§ **Recorded information**
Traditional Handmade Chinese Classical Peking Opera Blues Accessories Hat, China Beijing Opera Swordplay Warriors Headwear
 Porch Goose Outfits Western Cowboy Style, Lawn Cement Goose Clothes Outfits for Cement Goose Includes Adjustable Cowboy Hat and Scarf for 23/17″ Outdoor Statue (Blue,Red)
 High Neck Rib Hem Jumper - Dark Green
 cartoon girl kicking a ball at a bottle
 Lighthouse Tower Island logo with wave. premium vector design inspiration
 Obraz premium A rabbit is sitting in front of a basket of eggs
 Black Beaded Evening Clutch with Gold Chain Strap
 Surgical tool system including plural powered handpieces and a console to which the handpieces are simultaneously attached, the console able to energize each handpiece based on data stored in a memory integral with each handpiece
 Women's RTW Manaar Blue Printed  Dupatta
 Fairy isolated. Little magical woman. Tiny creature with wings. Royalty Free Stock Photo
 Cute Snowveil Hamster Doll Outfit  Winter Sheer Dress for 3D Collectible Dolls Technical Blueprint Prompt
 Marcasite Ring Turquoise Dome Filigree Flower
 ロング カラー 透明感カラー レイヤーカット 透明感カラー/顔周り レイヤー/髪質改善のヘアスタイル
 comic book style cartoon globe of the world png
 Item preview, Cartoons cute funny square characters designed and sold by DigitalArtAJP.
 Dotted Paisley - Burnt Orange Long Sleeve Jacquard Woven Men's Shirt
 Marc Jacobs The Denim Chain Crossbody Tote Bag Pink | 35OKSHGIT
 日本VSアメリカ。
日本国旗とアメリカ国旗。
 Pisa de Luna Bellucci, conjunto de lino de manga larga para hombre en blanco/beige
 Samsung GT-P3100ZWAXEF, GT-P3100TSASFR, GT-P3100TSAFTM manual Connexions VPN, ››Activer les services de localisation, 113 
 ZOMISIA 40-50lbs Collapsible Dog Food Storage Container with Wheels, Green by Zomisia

§ **Work instructions**
Leave out every line above except those from the line with "Item preview, Cartoons" up to and including the line with "Pisa de Luna", and copy those exactly.

§ **Response**
 Item preview, Cartoons cute funny square characters designed and sold by DigitalArtAJP.
 Dotted Paisley - Burnt Orange Long Sleeve Jacquard Woven Men's Shirt
 Marc Jacobs The Denim Chain Crossbody Tote Bag Pink | 35OKSHGIT
 日本VSアメリカ。
日本国旗とアメリカ国旗。
 Pisa de Luna Bellucci, conjunto de lino de manga larga para hombre en blanco/beige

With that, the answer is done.